The St Patrick's Day celebrations were muted as the Irish slumped to the most demoralising defeat of Declan Kidney's three-year reign. A worrying period for Irish rugby will find little comfort in the looming three-Test summer series against New Zealand, but O'Brien refuses to accept fears that the squad's best days have passed.
"That was pretty embarrassing and we're not too pleased about it," the European player of the year said. "It's a hard loss to take and that was the most disappointed I've been in an Ireland jersey."
Two victories and a draw represented their worst Six Nations since 2008, when a return of four points cost Kidney's predecessor Eddie O'Sullivan his job.
Desperately missing talismen Brian O'Driscoll and Paul O'Connell, they were smashed to pieces by an English side that obliterated their scrum.
"We're must take a long look at ourselves over the next couple of months until we come back together for the tour. But I wouldn't agree that this is a team on the slide.

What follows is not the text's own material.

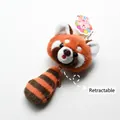 Detailed view of red panda plush keychain with functional zipper for small storage - Panda Guoguo Head Pendant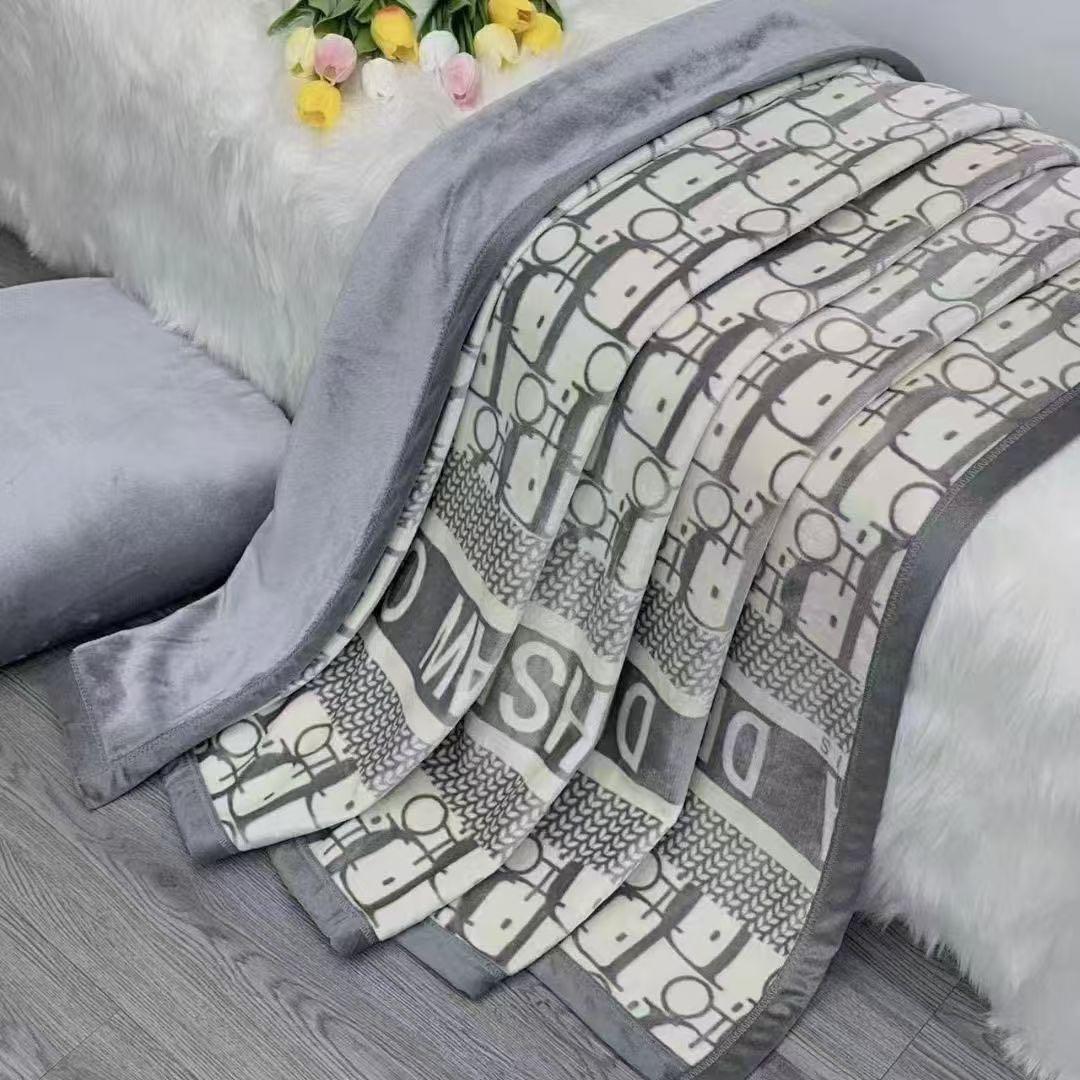 Flannel blanket with geometric pattern on a couch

We've shown what we can do at times and it's just getting that consistency.
"If we play to our potential week-in, week-out, we'll be a force to be reckoned with."
Ireland's misery extended beyond the result thanks to a relentless demolition job on their scrum that was painful to watch at times.
The neck injury sustained in the opening set piece by tighthead Mike Ross, who soldiered on for half an hour before being substituted, was offered by Kidney as an explanation for England's dominance.